Why rain totals are tracked at Tucson International Airport
TUCSON, Ariz. (KOLD News 13) - Tucson’s airport is one of the dryer locations in southern Arizona this monsoon, while many other areas are well over their monsoon averages.
Despite a wet monsoon in several parts of Tucson, Tucson International Airport is where the records are kept for monsoon.
The FAA uses the TUS rain gauge and other technology at the airport every day to monitor weather conditions for planes coming in and out of here.
According to the National Weather Service, they’ve been measuring rain at TUS since 1948. The rain gauge became automated in 1995. Historically, our monsoons are measured at the airport.
John Glueck, senior meteorologist at NWS, said despite rainfall in other places, the only rainfall that gets counted at the end of the year is at TUS.

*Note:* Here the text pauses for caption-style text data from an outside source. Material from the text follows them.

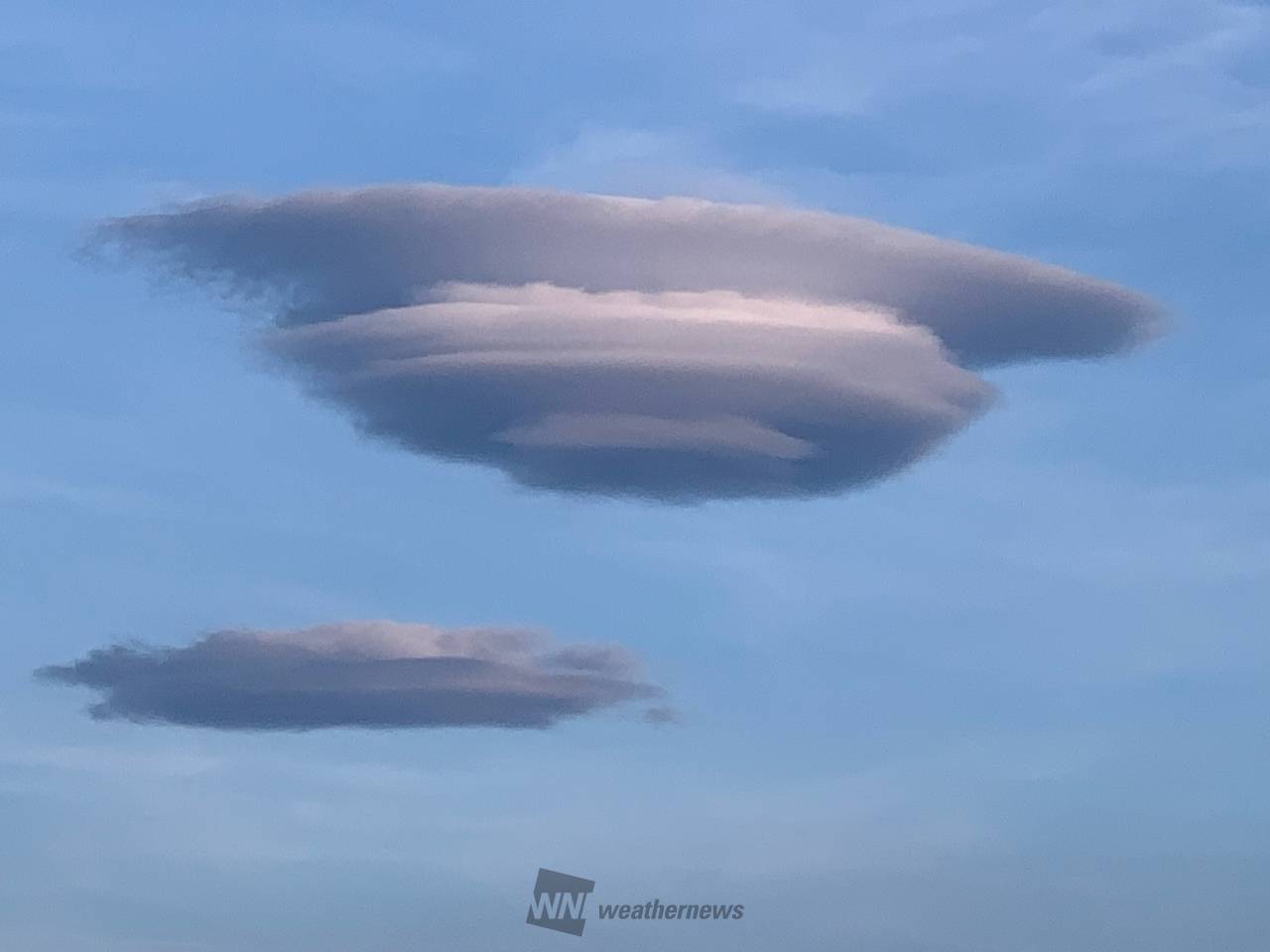 関東上空に強風のサイン 注目の空の写真 ウェザーニュース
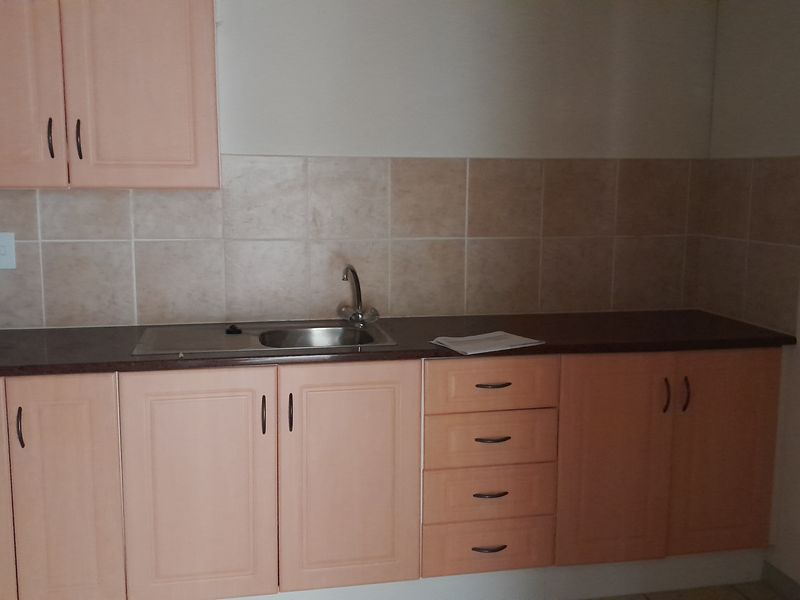 Small Footprint Smart Address 47m Ground Floor Office To Let - Photo 2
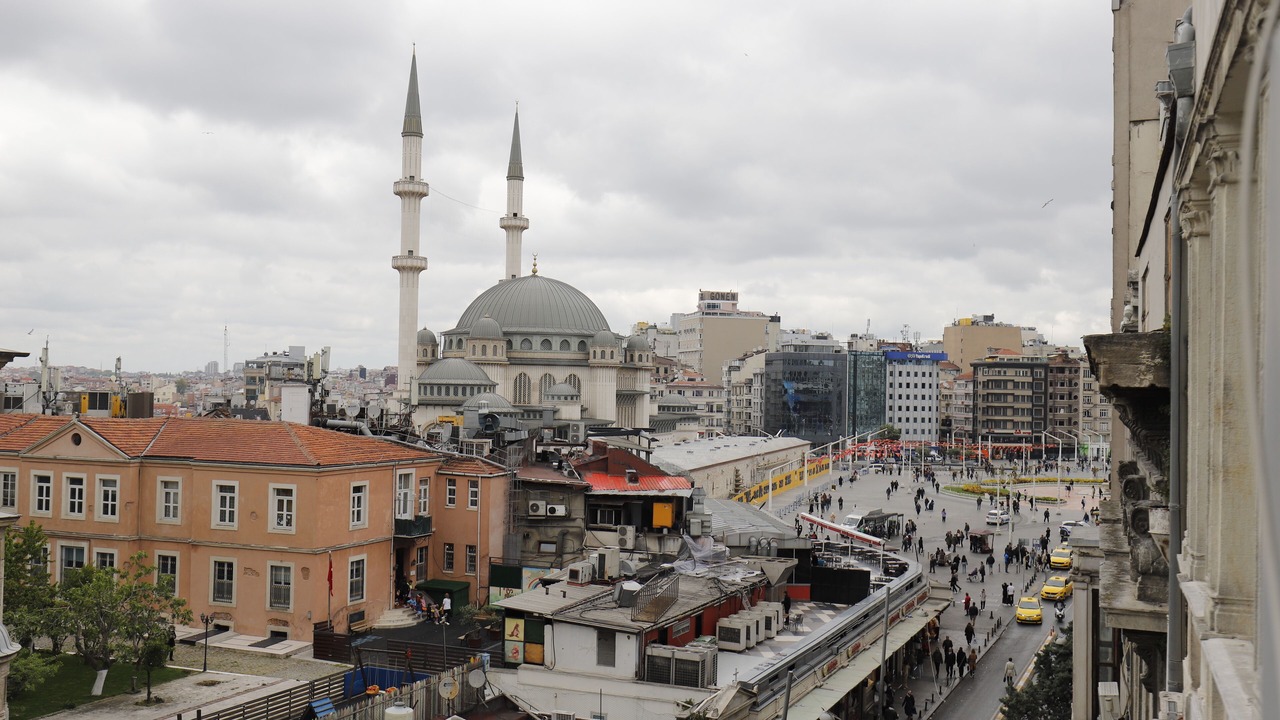Photo of Bedroom in Cihangir
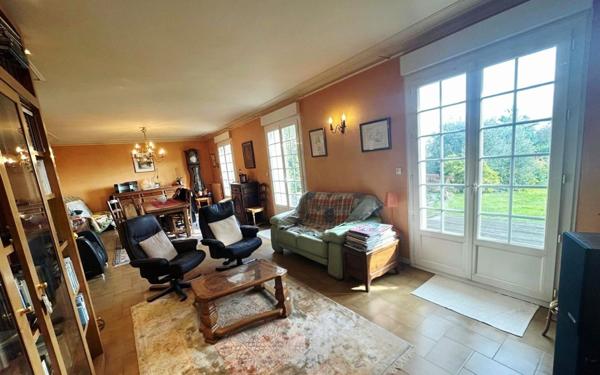 Maison à vendre    6 pièces •  Guipavas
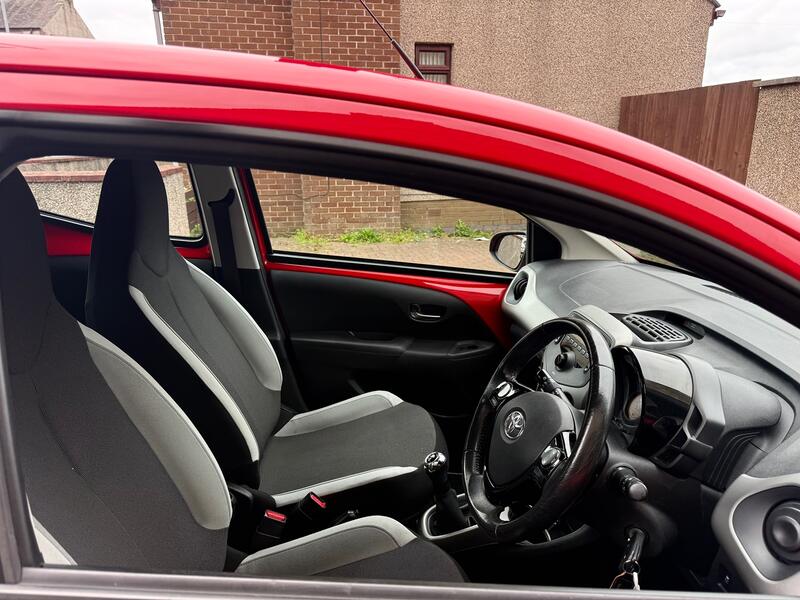 TOYOTA AYGO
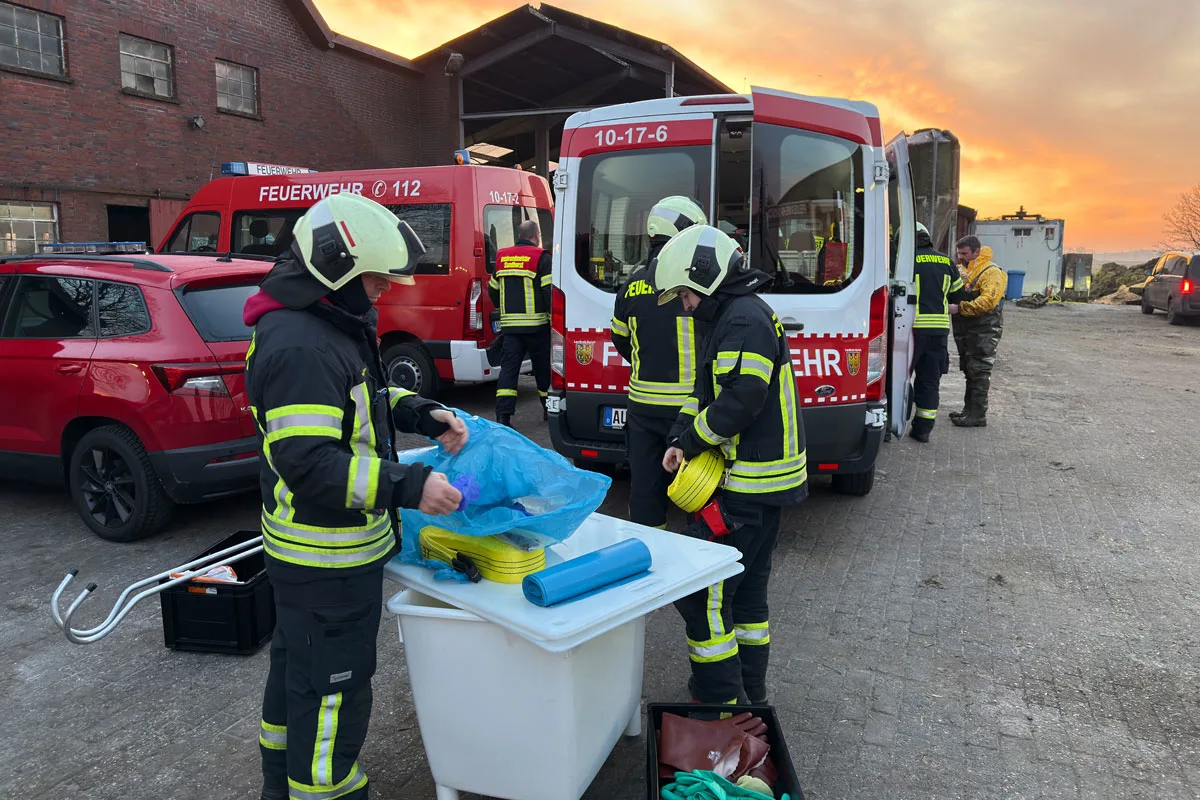 Aurich – Feuerwehr rettet zwei Kühe aus Güllegrube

He said monsoon is so sporadic, and having the gauge in one specific place every year evens out the measurements.
“The closer to the mountain you’re going to be, the mountain range, the higher precipitation you’re going to get during monsoon. Last year the airport had a very wet year, the third wettest and other parts of town didn’t have that much rain. It’s just the hit-and-miss part of storms. And that’s just the nature of it,” Glueck said.
Every month, NWS records rain totals across the region and our First Alert Weather Team always makes a point to report those as well.
Sometimes the airport represents all of that rain we’ve seen, and sometimes, like this year, it does not.
For now, Glueck said we’ll have to wait and see.